7

I have this regex which is supposed to remove sentence delimiters(. and ?):

sentence = sentence.replaceAll("\\.|\\?$","");

It works fine it converts

"I am Java developer." to "I am Java developer"

"Am I a Java developer?" to "Am I a Java developer"

But after deployment we found that it also replaces any other dots in the sentence as

"Hi.Am I a Java developer?" becomes "HiAm I a Java developer"

Why is this happening?

codaddict
  • 445,704
  • 82
  • 492
  • 529
user489849
  • 73
  • 3

4 Answers4

15

The pipe (|) has the lowest precedence of all operators. So your regex:

\\.|\\?$

is being treated as:

(\\.)|(\\?$)

which matches a . anywhere in the string and matches a ? at the end of the string.

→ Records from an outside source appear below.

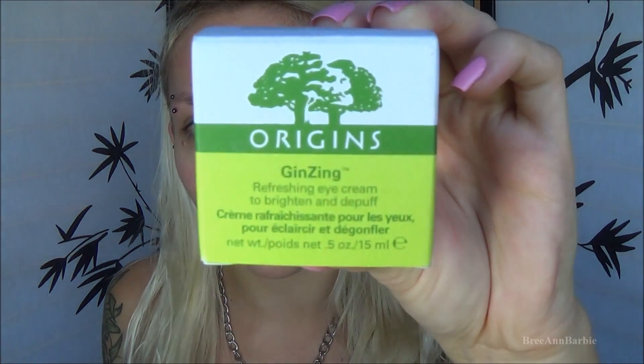The next thing I'm going to do is use an eye cream, and this one is by Origins — I love Origins products, they're absolutely amazing. I'm using an eye cream because I didn't go to bed until like 2 or 3 a.m., so I'm only working off about 6 hours of sleep. I'm using the Origins Refreshing Eye Cream, just a little bit underneath my eyes to freshen them up and make myself look awake.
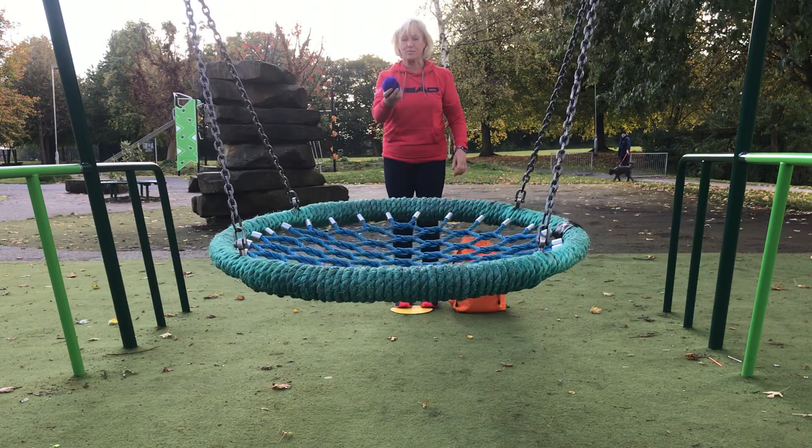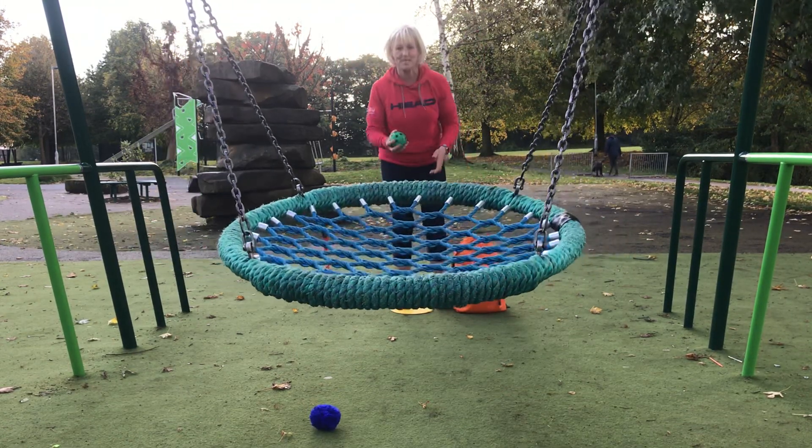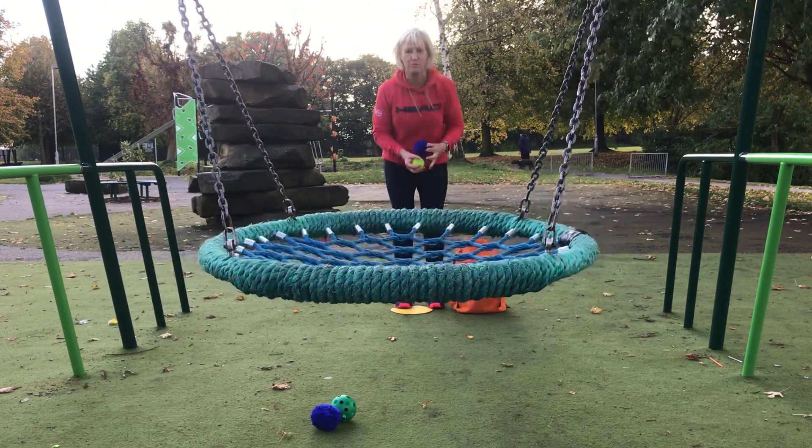Oh, a fluff ball — so I'm going to try and get it in. Yay, it went through, brilliant! Let's see the round ball. Yay, oh I love this one going through the gaps.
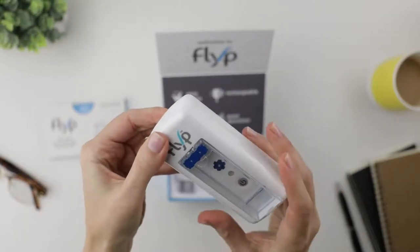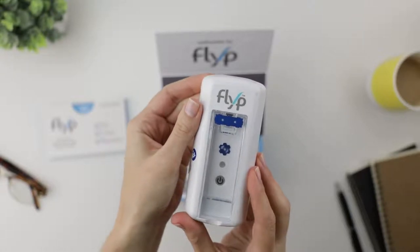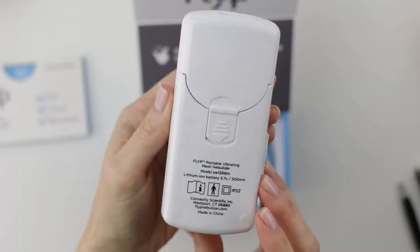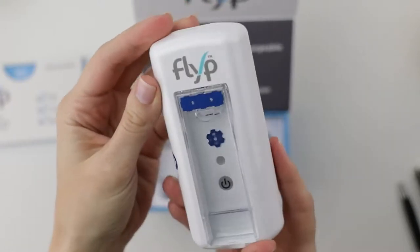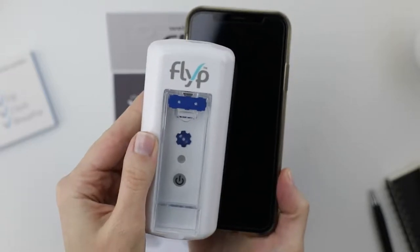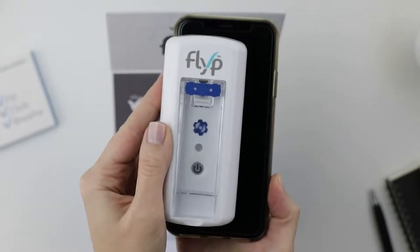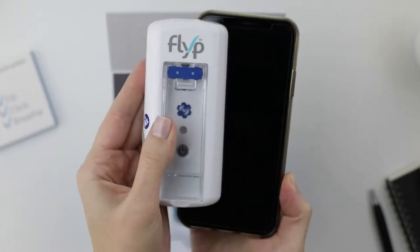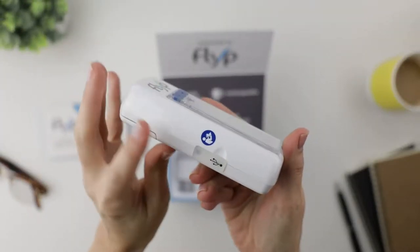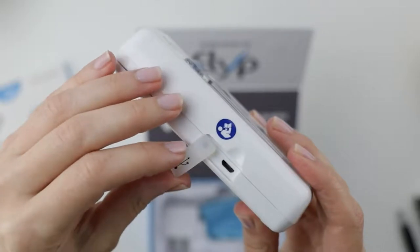Okay, here it is. Wow, way different from my current nebulizer. No tubes, no control units, nothing to assemble. Awesome. And look at this — it really is smaller than a smartphone. Unbelievable. No problem taking this one with me. And here is the USB port. I know how to use one of those.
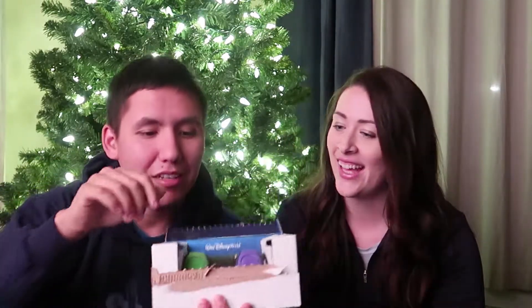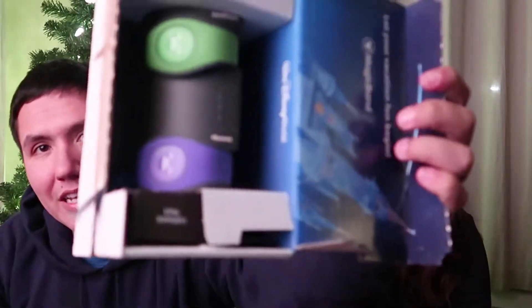Next box is the third set of magic bands that we have on order for this trip. I know what color these are because I remember what we did. The first two boxes that came, we could not remember what colors we had done. But this one we did for a very specific reason. We got green and purple — on our appropriate sides. Lindsay's is '48.6,' which is the approximate mileage we'll be running during the Dopey Challenge, and my green one says 'Going Dopey.'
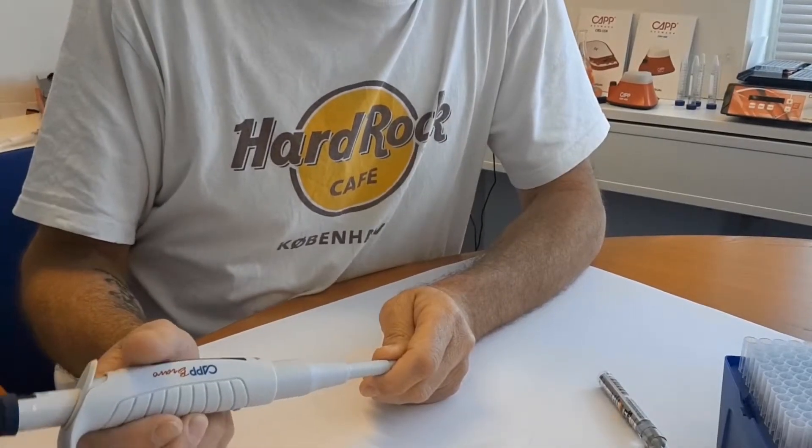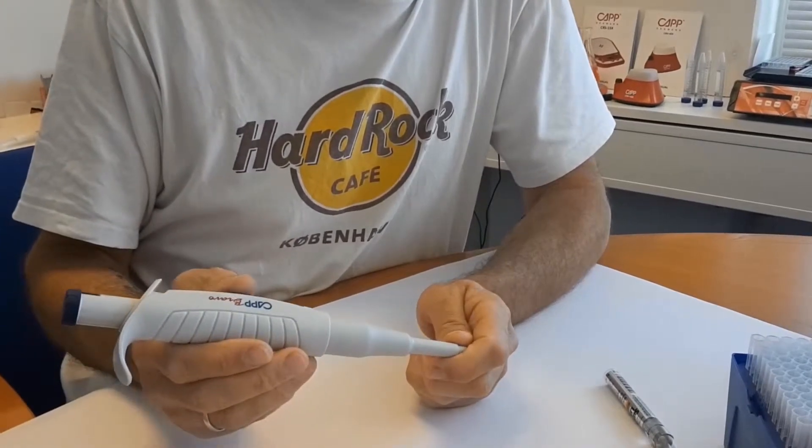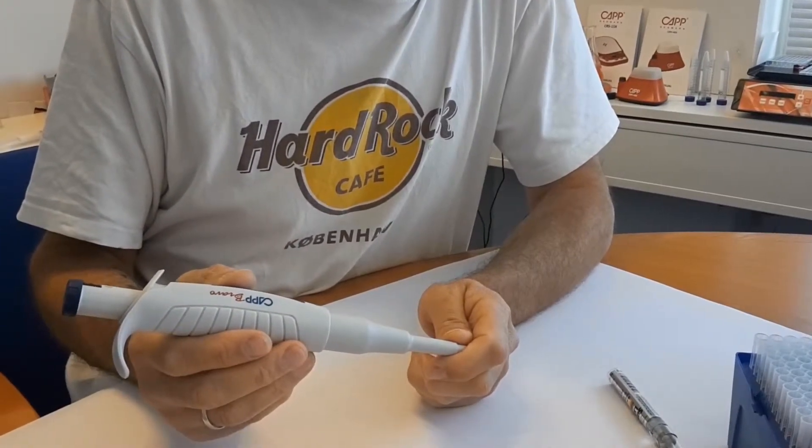Hello. Today we are going to troubleshoot the Cap Bravo 1000 pipette. Make sure you have watched the Cap Bravo 2 minute service check video prior to this one.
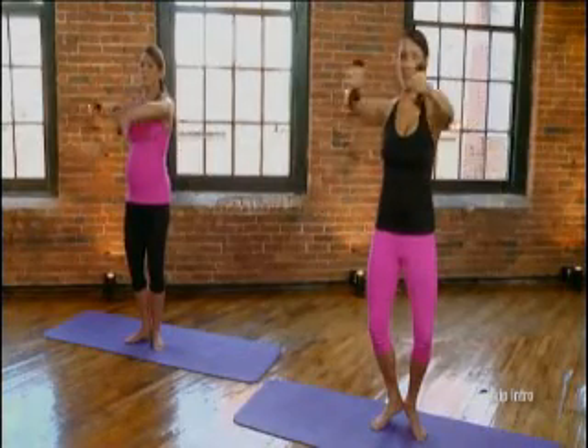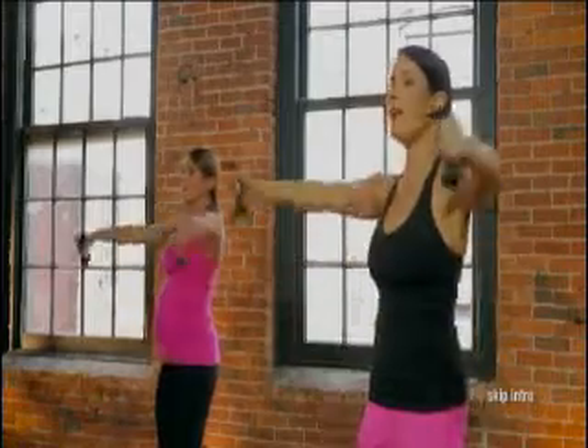This workout is also designed on time, not reps. So we're going to be working through minutes and 30 seconds rather than 24 reps or 12 reps. So don't get hung up on reps — just go with me and enjoy yourself. Long, lean arms and core will define and tone the upper body while strengthening the core with light weights and mat work.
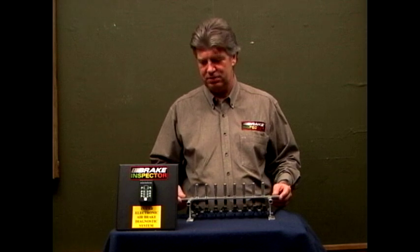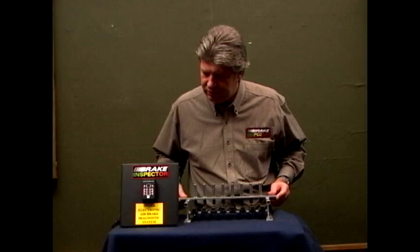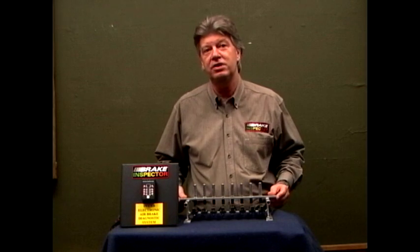Basically, when the brakes are applied you'll see green lights coming on. Yellow or red lights mean that you're out of adjustment, and a yellow light means that you're within one eighth of an inch of stroke.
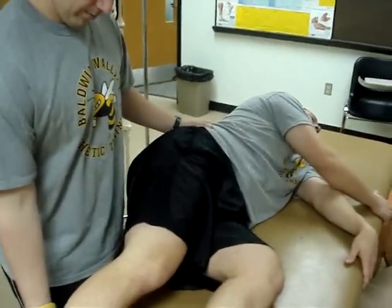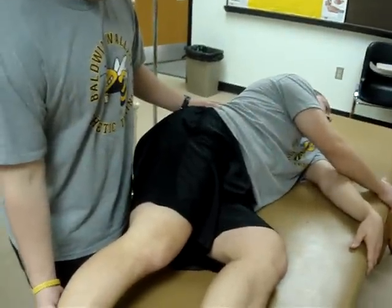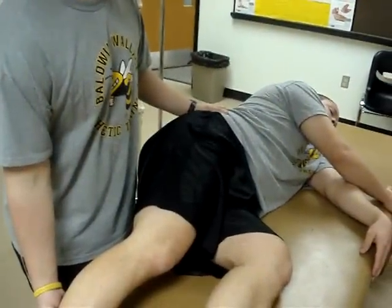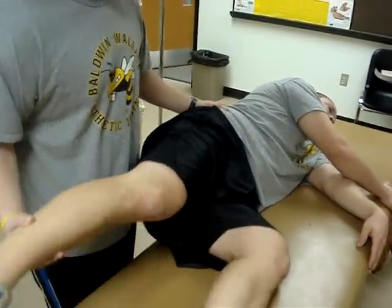Femoral Nerve Traction Test. Patient is side-lying on the uninvolved leg with hip and knee slightly flexed. The involved leg, torso, hip, and leg are in straight alignment.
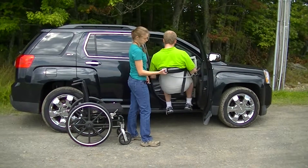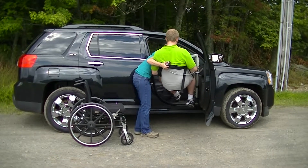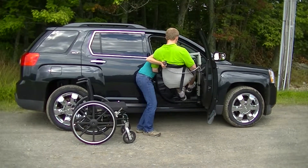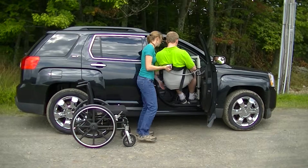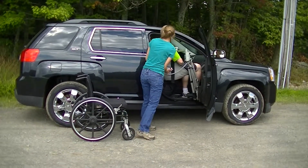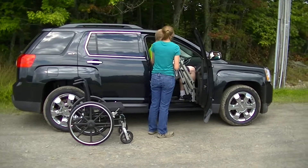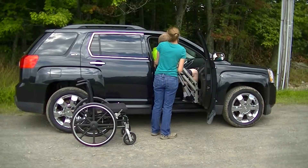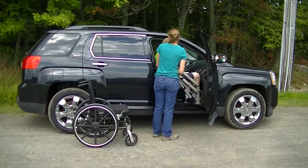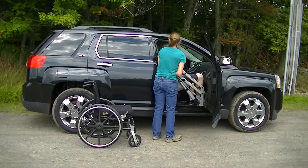I can use this strap to help guide us. I'm going to get the legs into position and give him a little help guiding through. When he gets to the door opening, I'm going to go down just a little bit so he can get through the door, and then we're going to go back up so he can be above the seat.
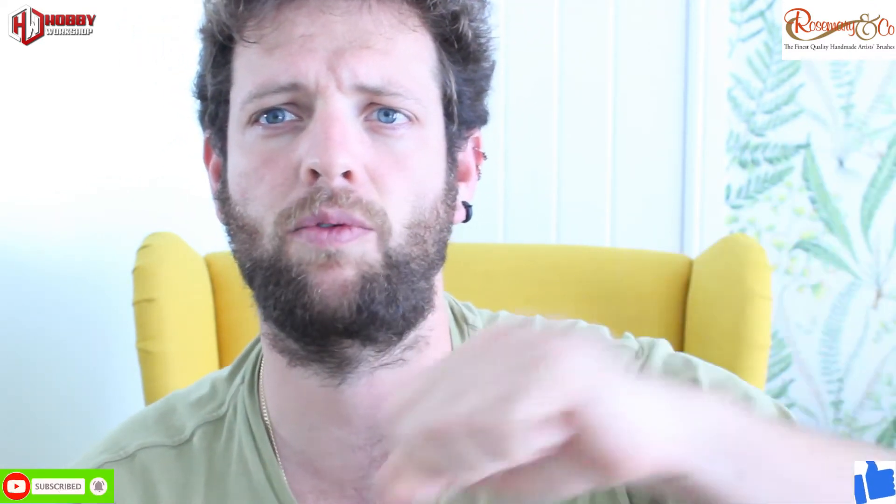Don't forget to subscribe and like the video - it helps me a lot. If you want to support me, go and check out Rosemary and Co for brushes - I've left a few recommendations. I've also left an affiliate link for Hobby Workshop for any of your Warhammer needs at 25% discount. They're really good, so go check them out. I'm the Painter Wookiee - bye for now.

To fix this you need to group the . and ? together as:

(?:\\.|\\?)$

You could also use:

[.?]$

Within a character class . and ? are treated literally so you need not escape them.

codaddict
  • 445,704
  • 82
  • 492
  • 529
8

What you're saying with "\\.|\\?$" is "either a period" or "a question mark as the last character".

I would recommend "[.?]$" instead in order to avoid the confusing escaping (and undesirable result, of course).

jensgram
  • 31,109
  • 6
  • 81
  • 98
7

Your problem is because of the low precedence of the alternation operator |. Your regular expression means match one of:

  • . anywhere or
  • ? at the end of a line.

Use a character class instead:

"[.?]$"
Mark Byers
  • 811,555
  • 193
  • 1,581
  • 1,452
3

You have forgotten to embrace the sentence-ending characters with round brackets:

sentence = sentence.replaceAll("(\\.|\\?)$","");

The better approach is to use [.?]$ like @Mark Byers suggested.

sentence = sentence.replaceAll("[.?]$","");
splash
  • 13,037
  • 1
  • 44
  • 67